WHAT THIS TASK INVOLVES:
Leave every picture out and give back the lines below from the first through the line that holds "Was ist Parodontitis", exactly as written.

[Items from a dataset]
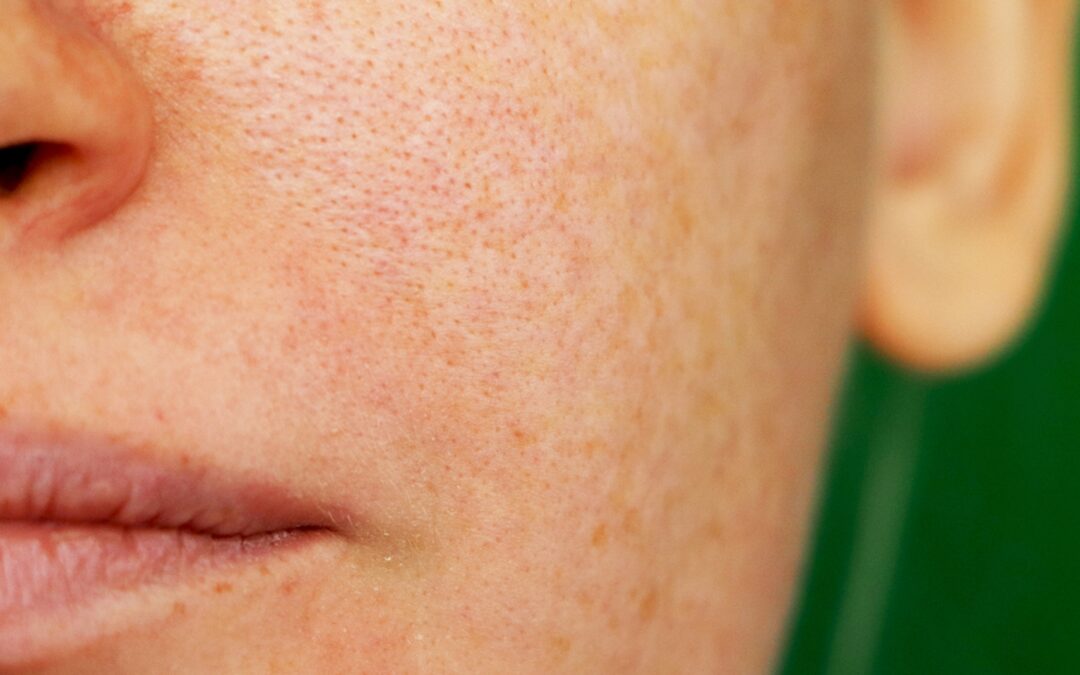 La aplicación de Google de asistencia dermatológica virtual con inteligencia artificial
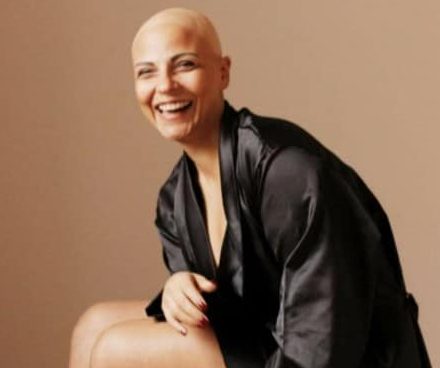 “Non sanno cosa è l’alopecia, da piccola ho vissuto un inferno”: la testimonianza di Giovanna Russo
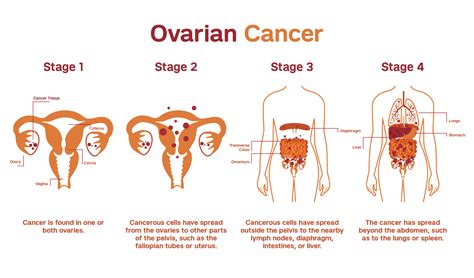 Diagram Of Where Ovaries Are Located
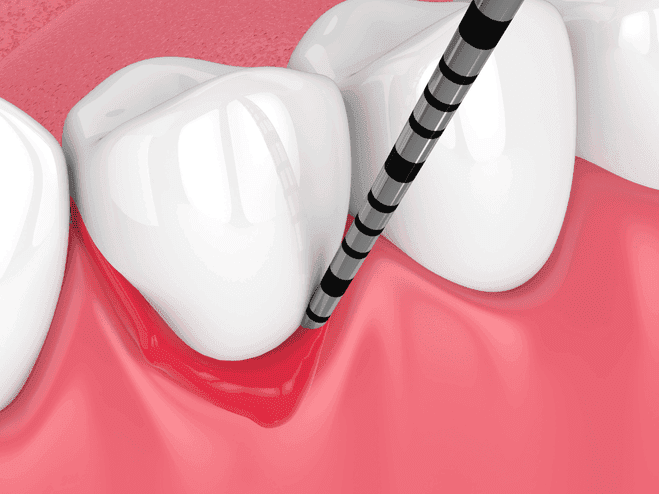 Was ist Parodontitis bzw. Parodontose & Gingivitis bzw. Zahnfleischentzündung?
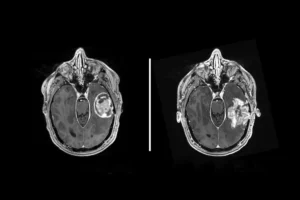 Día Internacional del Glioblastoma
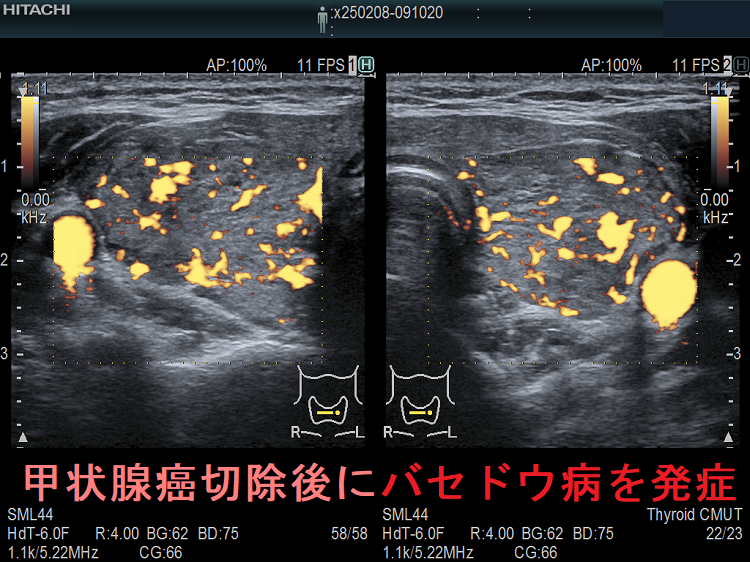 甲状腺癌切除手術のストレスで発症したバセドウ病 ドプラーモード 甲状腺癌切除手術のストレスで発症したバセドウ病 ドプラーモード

EXERCISE RESULT:
 La aplicación de Google de asistencia dermatológica virtual con inteligencia artificial
 “Non sanno cosa è l’alopecia, da piccola ho vissuto un inferno”: la testimonianza di Giovanna Russo
 Diagram Of Where Ovaries Are Located
 Was ist Parodontitis bzw. Parodontose & Gingivitis bzw. Zahnfleischentzündung?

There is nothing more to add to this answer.